MATERIAL FOR THIS TASK:
######

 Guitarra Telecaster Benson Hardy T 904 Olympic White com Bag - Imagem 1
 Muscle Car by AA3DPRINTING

######

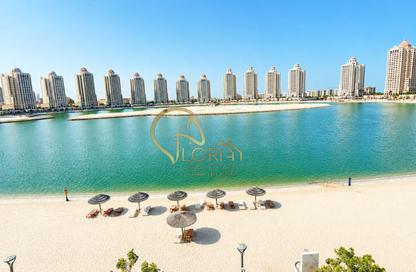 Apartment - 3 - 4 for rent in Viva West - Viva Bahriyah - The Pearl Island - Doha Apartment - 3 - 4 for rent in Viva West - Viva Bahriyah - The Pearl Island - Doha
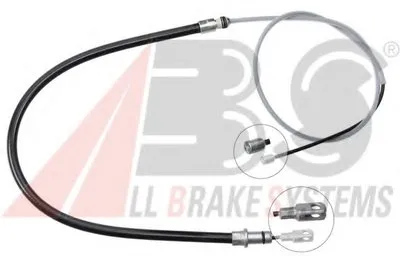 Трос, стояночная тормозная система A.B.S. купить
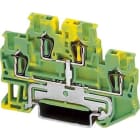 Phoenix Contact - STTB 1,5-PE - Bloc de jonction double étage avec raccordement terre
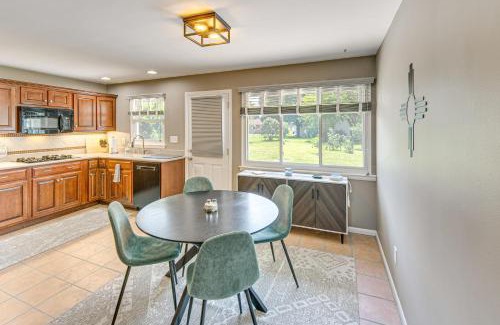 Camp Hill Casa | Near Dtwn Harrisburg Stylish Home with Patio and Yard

######

WHAT YOU WILL DO:
Print exactly the lines above, between the one holding "Guitarra Telecaster Benson" and the one holding "Muscle Car by AA3DPRINTING", inclusive, and nothing besides.

WRITTEN ANSWER:
 Guitarra Telecaster Benson Hardy T 904 Olympic White com Bag - Imagem 1
 Muscle Car by AA3DPRINTING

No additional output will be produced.